● Task instructions
Begin with the line below holding "Neon Trumpet Reflection" and go on through the line holding "Ladies Soft Leather", duplicating each line exactly and leaving out pictures.

● Available records
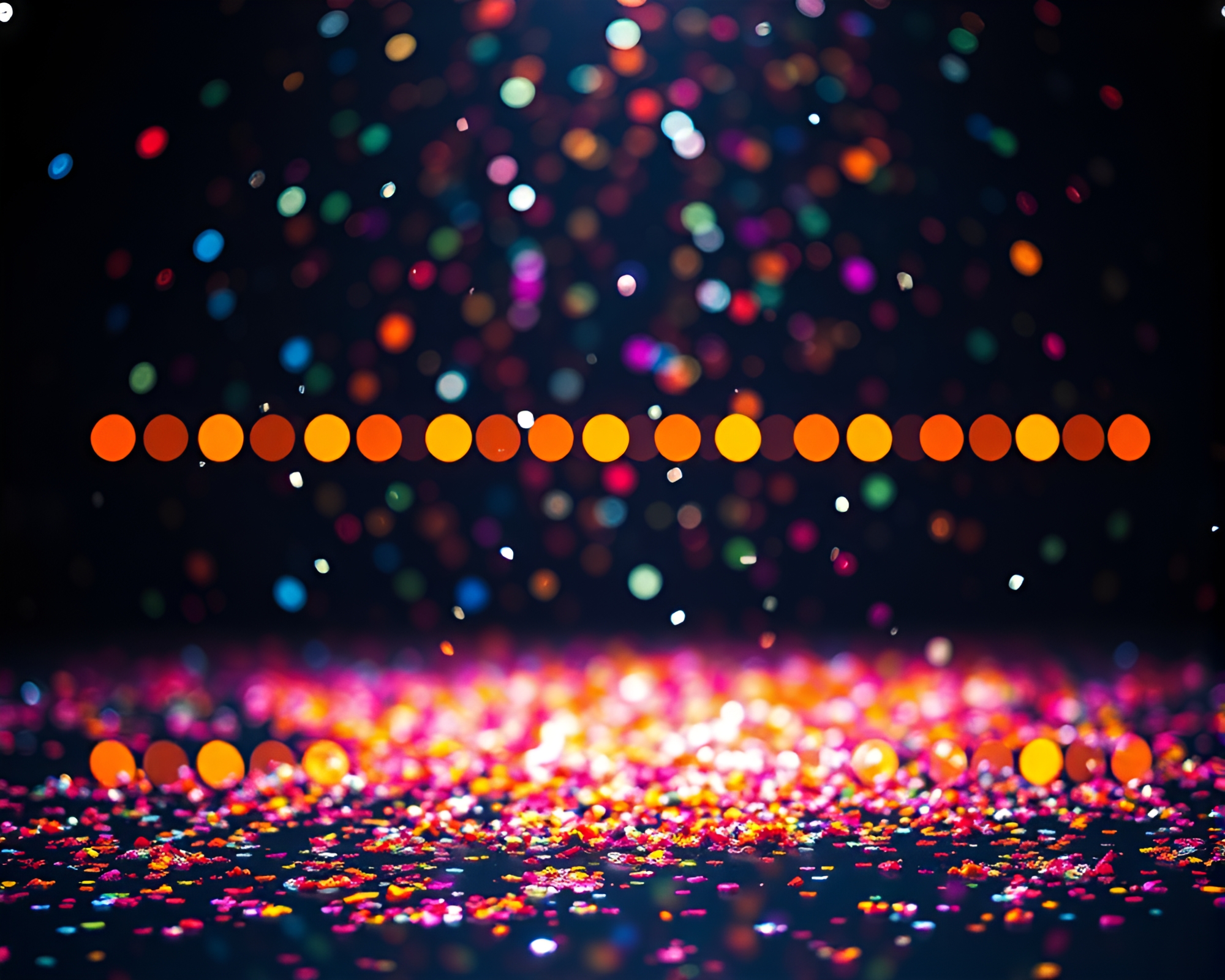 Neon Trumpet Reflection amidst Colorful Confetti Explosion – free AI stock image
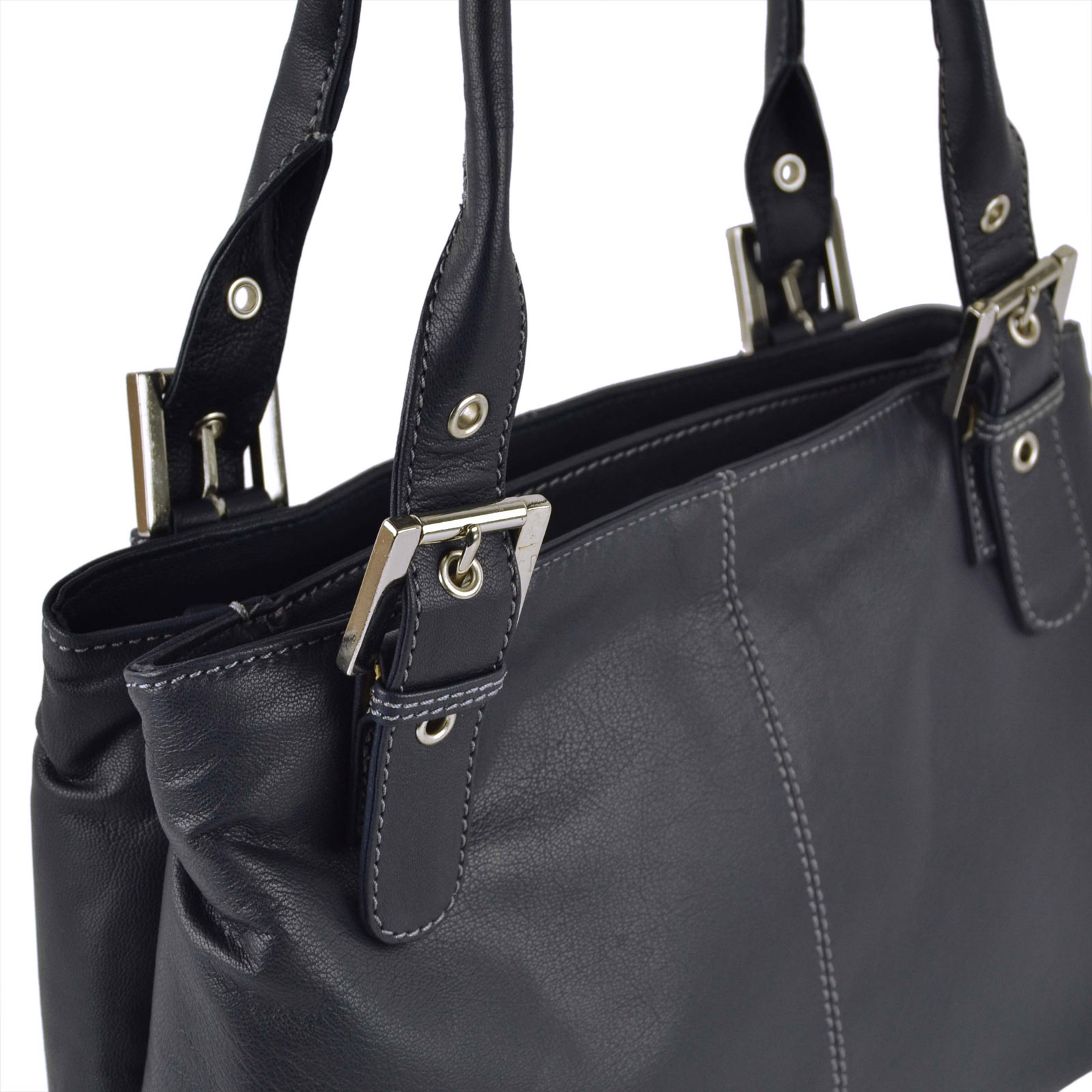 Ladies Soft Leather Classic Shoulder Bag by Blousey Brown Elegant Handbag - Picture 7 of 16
* * *
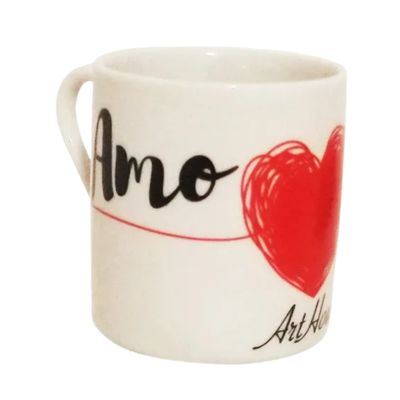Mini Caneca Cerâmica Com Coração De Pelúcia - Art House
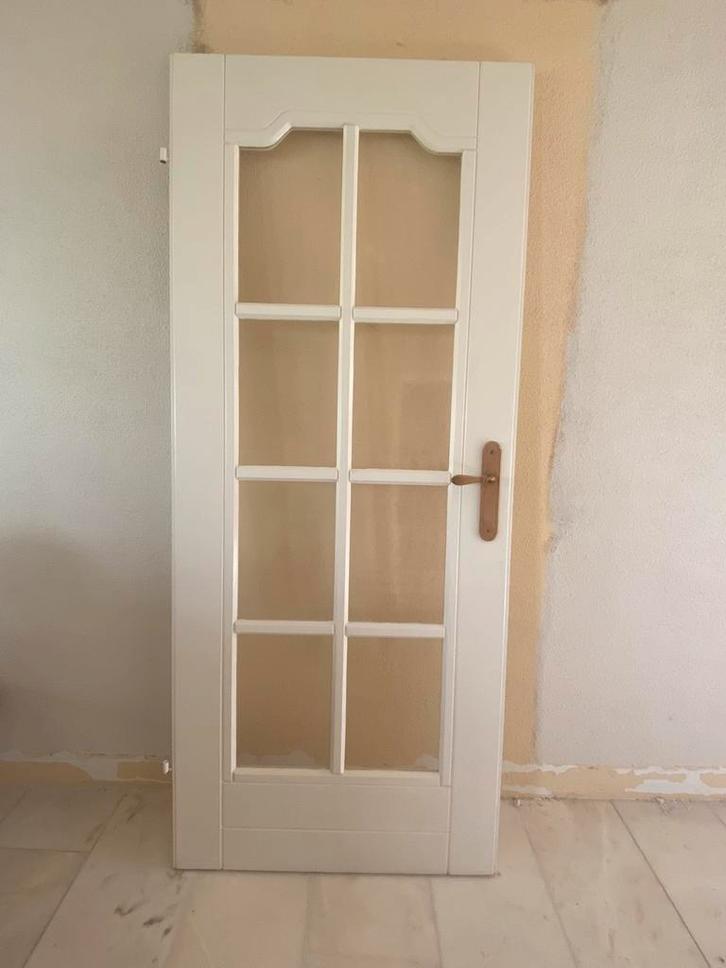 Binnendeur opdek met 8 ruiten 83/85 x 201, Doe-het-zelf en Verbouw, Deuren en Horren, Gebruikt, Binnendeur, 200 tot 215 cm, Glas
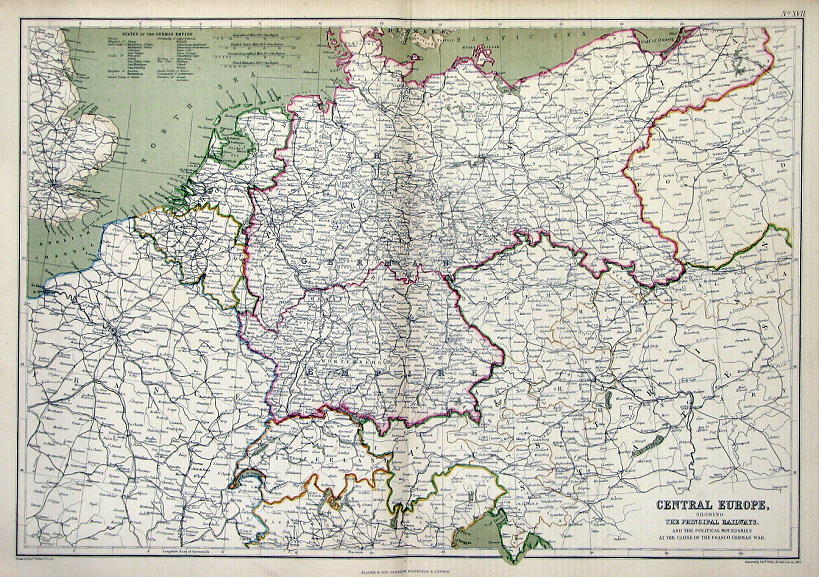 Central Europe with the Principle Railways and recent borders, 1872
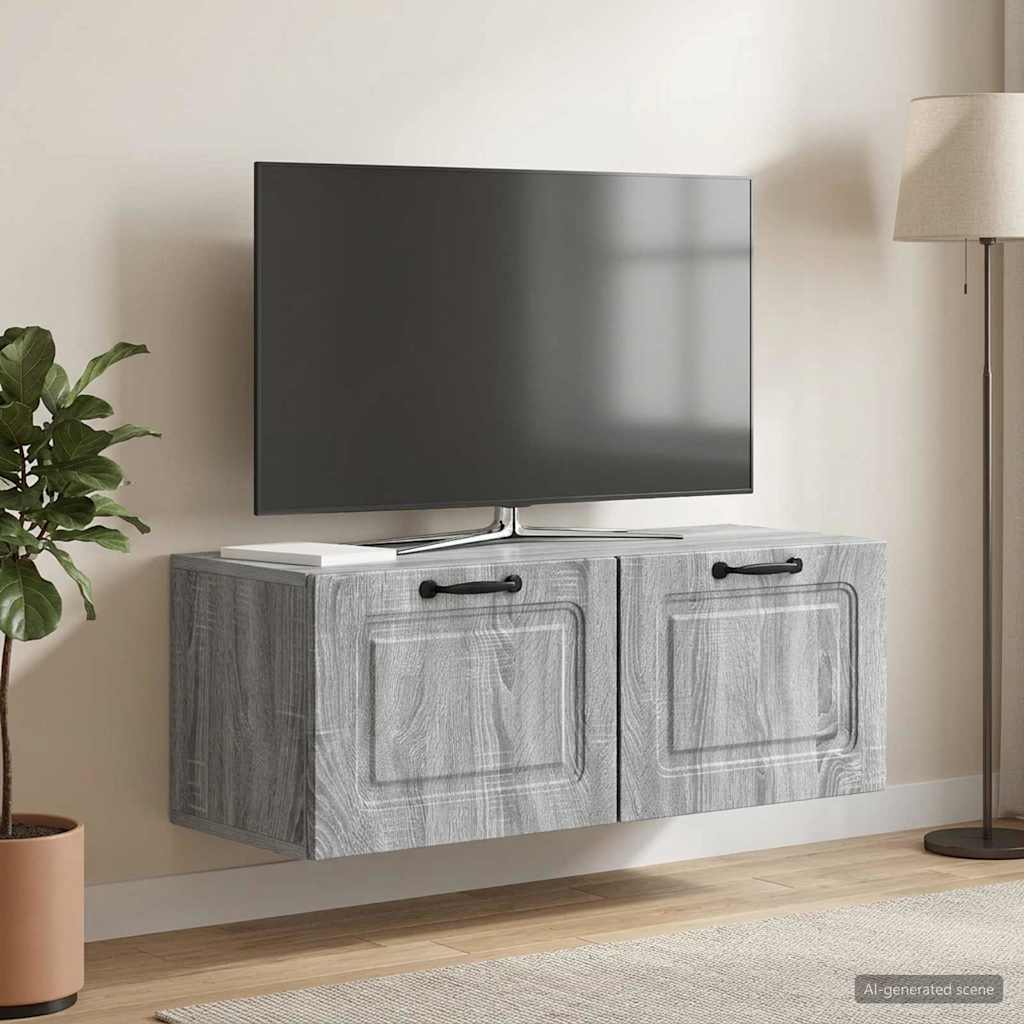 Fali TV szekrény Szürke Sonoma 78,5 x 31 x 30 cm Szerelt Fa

● Answer to this task
 Neon Trumpet Reflection amidst Colorful Confetti Explosion – free AI stock image
 Ladies Soft Leather Classic Shoulder Bag by Blousey Brown Elegant Handbag - Picture 7 of 16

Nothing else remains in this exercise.